Está escuro em cima do palco. Um homem, com uma mala, atravessa o chão coberto de terra e pedras. De um lado, uma cadeira florida, gasta. Do outro, o vazio da cena que parece não ter fim. A meio, agarra-se à mala que traz, como se guardasse toda a sua vida. E depois, sai. Entram dois homens, escondidos sob uma gabardina bege. Saem. Um homem, despido, com uma outra mala, deita-se no meio da cena, coberto por ela. Deixa-se estar assim, quieto, enquanto a Sinfonia n.º 4 de Arvo Pärt continua a tocar.
É assim que começa a nova peça da coreógrafa Olga Roriz, Síndrome — sem grandes adereços, espaço ou tempo –, numa época que pode ser a de agora, a de ontem, a de amanhã. A escolha cabe ao espectador: “O que o criador faz é dar o local para as pessoas imaginarem“, diz Olga antes do início do ensaio, na sexta-feira passada, o segundo feito já no Teatro Municipal São Luiz, em Lisboa, onde a peça ficará em cena de 30 de junho a 2 de julho. “Podem começar!”, grita de seguida, do lado da plateia, com a mão apoiada numa das centenas de cadeiras forradas a veludo vermelho.

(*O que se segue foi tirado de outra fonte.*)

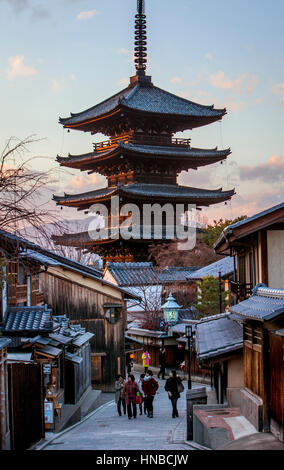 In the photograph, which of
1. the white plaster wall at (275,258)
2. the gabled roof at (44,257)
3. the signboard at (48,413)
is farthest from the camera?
the signboard at (48,413)

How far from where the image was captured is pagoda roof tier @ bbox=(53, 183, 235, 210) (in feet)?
141

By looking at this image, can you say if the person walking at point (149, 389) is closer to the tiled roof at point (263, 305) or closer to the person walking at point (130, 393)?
the person walking at point (130, 393)

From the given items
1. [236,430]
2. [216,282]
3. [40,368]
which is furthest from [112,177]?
[236,430]

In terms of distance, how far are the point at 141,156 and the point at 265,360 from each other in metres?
32.9

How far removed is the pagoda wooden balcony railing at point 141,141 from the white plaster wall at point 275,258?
30.9 m

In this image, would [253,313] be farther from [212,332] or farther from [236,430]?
[212,332]

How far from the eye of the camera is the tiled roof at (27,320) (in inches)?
678

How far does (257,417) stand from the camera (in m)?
12.1

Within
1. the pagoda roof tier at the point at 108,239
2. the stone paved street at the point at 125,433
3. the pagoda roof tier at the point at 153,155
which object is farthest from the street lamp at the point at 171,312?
the pagoda roof tier at the point at 153,155

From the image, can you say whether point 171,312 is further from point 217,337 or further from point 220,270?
point 217,337

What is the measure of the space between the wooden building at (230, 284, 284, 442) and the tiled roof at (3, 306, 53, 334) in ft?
19.7

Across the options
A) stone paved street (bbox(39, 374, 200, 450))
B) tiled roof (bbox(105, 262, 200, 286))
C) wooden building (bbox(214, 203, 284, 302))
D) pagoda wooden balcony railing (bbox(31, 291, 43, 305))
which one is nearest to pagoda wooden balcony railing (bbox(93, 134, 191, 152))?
tiled roof (bbox(105, 262, 200, 286))

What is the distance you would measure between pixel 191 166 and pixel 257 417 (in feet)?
118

Além dos quatro homens, há outras três personagens — três mulheres, que começam também por surgir sozinhas. Perdidas, as sete personagens (interpretadas por sete bailarinos da Companhia Olga Roriz) vão tentando encontrar-se num espaço destruído que tanto pode ser a esquina de uma rua como uma casa em ruínas. Aproximam-se, afastam-se e partilham memórias antigas — por vezes impercetíveis, como um sussurro, por vezes audíveis como um grito. “Aqui era um quarto, aqui o roupeiro, tudo meticulosamente arrumado, a cama de casal, o canto da secretária, o candeeiro de renda à cabeceira“, recorda um dos bailarinos, enquanto atravessa o palco. “As roupas em cima da cadeira e os sapatos todos misturados…” Era assim a sua casa antes da guerra a destruir e a transformar numa ruína. Do tempo anterior a isso, sobrou-lhe apenas uma mala onde trás as memórias de quando era feliz.
Apesar do tom pesado de Síndrome, a guerra — que não tem obrigatoriamente de ser o conflito na Síria de Antes Que Matem os Elefantes, peça anterior de onde o novo espetáculo de Olga Roriz surgiu — já terminou. Mas o que é que sobrou? Haverá futuro? Essas são duas das perguntas que a peça deixa no ar. Síndrome não dá respostas, nem tem pretensões de as dar, como explicou a coreógrafa no final do ensaio da passada sexta-feira, feito ainda sem a luz de palco, em conversa com o Observador. O objetivo é mostrar, acima de tudo, que o fim de uma grande calamidade não significa o fim de todo o mal. Há coisas que ficam connosco para sempre.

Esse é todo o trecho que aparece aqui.